▶ [Short web captions]
|---|

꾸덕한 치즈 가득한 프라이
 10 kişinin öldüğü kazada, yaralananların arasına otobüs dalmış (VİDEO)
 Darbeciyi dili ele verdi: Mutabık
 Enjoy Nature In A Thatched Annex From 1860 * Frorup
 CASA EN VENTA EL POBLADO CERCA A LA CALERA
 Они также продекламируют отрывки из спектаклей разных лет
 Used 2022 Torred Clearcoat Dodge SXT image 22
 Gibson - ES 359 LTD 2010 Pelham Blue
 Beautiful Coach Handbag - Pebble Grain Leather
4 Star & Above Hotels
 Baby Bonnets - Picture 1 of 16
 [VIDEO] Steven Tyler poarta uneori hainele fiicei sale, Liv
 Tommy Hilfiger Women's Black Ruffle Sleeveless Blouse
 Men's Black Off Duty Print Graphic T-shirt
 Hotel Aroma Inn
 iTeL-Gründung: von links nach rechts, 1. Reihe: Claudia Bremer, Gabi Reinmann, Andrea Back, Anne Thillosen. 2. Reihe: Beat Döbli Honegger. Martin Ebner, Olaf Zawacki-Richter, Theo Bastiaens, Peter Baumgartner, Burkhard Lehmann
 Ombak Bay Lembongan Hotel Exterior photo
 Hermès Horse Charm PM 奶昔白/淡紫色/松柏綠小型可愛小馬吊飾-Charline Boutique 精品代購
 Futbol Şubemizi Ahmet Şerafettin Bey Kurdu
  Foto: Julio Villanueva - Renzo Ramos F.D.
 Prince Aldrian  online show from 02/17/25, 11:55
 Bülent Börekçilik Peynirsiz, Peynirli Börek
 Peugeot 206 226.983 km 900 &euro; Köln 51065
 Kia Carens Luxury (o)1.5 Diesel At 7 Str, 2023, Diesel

|---|

▶ [Task brief]
Find the line that contains "Peugeot 206 226.983 km 900 &euro; Köln 51065" in the data above. Reproduce it and every later line exactly, through the last one.

▶ [Task answer]
 Peugeot 206 226.983 km 900 &euro; Köln 51065
 Kia Carens Luxury (o)1.5 Diesel At 7 Str, 2023, Diesel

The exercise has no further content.